# Tutorial: Using a Dataset of Planes in PyTorch

In [None]:
from hrtfdata.torch.planar import CIPICPlane, ARIPlane, ListenPlane, BiLiPlane, ITAPlane, HUTUBSPlane, SADIE2Plane, ThreeDThreeAPlane, CHEDARPlane, WidespreadPlane, SONICOMPlane
from hrtfdata.torch import collate_dict_dataset
from torch.utils.data import DataLoader, Dataset
from pathlib import Path
import matplotlib.pyplot as plt

## The minimum necessary to get started

The purpose of `hrtfdata` is to provide PyTorch [`Datasets`](https://pytorch.org/docs/stable/data.html#torch.utils.data.Dataset) for multiple collections in a unified programming interface.
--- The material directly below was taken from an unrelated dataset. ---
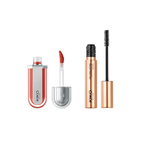 KIKO Milano Twist 'N Twinkle Holiday To The Max Makeup Gift Set zestaw podarunkowy kosmetyków do makijażu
Currently the following data collections are supported:

- CIPIC
- ARI
- Listen
- BiLi
- ITA
- HUTUBS
- SADIE II
- 3D3A
- CHEDAR
- Widespread
- SONICOM

Each of them has a corresponding class that can be loaded from `hrtfdata.torch.planar`, as is done above.

At minimum, you need to select which plane to use (out of `horizontal`, `median` or `frontal`), the HRIR/HRTF representation (`time`, `magnitude`, `magnitude_db`, `phase` or `complex`) and the side of the head (`left`, `right`, `both`, `both-left`, `both-right`).

In [None]:
plane = 'median'
domain = 'magnitude_db'
side = 'left'

These parameters can then be used together with a `XPlane` class and the path to the root directory of files for the corresponding collection (having the same directory structure as on the cluster).

In [None]:
base_dir = Path('../HRTF Datasets')
ds = ARIPlane(base_dir / 'ARI', plane, domain=domain, side=side)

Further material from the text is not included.